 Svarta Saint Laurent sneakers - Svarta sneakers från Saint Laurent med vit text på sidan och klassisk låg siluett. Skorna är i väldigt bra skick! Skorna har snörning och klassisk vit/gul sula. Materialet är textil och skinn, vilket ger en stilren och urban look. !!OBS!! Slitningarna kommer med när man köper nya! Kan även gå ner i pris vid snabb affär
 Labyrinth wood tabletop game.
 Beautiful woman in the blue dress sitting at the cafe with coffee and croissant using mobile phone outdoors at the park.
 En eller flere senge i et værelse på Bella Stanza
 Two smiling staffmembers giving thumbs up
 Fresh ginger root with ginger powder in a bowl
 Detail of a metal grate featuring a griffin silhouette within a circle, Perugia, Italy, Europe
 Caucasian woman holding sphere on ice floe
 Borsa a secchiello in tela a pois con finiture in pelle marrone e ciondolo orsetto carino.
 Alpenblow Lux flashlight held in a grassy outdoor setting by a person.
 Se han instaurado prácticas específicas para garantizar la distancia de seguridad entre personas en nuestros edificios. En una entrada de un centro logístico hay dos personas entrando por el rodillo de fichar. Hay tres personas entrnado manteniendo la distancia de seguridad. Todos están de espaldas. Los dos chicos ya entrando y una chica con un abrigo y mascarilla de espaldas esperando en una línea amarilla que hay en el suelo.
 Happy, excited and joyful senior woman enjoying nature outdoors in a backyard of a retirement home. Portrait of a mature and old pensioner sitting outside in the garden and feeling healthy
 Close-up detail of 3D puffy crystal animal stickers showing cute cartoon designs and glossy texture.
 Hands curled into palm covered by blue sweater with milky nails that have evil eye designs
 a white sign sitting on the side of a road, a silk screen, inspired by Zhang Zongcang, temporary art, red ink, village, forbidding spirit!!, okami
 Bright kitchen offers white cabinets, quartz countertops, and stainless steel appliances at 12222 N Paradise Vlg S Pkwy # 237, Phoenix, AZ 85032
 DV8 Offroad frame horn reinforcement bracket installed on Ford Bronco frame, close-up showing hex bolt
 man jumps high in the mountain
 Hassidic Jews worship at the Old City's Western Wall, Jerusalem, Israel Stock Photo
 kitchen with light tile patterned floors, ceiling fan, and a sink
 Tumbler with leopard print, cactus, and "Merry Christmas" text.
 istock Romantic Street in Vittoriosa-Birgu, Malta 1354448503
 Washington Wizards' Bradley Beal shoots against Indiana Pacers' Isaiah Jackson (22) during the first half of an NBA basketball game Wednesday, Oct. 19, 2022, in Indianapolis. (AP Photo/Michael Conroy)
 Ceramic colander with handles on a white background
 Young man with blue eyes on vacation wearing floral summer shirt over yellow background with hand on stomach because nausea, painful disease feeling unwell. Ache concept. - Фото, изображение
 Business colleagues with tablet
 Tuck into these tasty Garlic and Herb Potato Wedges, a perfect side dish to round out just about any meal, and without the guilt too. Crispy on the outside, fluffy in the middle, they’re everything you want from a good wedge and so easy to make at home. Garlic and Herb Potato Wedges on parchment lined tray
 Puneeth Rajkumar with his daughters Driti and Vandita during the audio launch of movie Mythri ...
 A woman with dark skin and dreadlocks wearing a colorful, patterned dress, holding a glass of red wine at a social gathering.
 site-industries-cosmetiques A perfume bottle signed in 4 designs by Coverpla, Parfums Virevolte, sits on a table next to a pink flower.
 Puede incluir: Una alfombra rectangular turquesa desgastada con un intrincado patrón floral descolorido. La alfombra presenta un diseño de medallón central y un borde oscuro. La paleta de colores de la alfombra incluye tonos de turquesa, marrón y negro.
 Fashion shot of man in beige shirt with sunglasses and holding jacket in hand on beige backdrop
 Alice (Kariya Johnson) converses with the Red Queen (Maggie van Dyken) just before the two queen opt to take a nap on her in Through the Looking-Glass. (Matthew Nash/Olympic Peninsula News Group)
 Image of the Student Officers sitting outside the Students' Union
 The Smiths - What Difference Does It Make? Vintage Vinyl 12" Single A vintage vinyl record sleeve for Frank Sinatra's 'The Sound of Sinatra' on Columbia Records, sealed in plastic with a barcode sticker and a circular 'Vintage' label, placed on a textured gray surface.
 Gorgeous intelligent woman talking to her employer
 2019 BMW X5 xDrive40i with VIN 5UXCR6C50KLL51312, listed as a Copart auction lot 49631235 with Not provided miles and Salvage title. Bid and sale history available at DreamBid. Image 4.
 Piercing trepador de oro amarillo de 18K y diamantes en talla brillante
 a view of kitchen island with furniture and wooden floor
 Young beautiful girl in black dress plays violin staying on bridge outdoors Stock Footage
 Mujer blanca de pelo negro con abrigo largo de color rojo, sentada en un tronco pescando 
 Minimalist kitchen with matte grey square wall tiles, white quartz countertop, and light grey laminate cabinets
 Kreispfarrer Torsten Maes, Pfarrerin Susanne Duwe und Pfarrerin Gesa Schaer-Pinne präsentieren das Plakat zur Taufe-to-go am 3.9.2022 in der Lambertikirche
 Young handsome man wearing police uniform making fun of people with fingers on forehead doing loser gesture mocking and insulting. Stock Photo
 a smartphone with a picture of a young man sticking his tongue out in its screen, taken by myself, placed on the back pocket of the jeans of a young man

WORK TASK -> Scan the lines above for "site-industries-cosmetiques A perfume" and for "Fashion shot of". Repeat exactly the line holding each of them and every line in between.

RESULT BELOW ->
 site-industries-cosmetiques A perfume bottle signed in 4 designs by Coverpla, Parfums Virevolte, sits on a table next to a pink flower.
 Puede incluir: Una alfombra rectangular turquesa desgastada con un intrincado patrón floral descolorido. La alfombra presenta un diseño de medallón central y un borde oscuro. La paleta de colores de la alfombra incluye tonos de turquesa, marrón y negro.
 Fashion shot of man in beige shirt with sunglasses and holding jacket in hand on beige backdrop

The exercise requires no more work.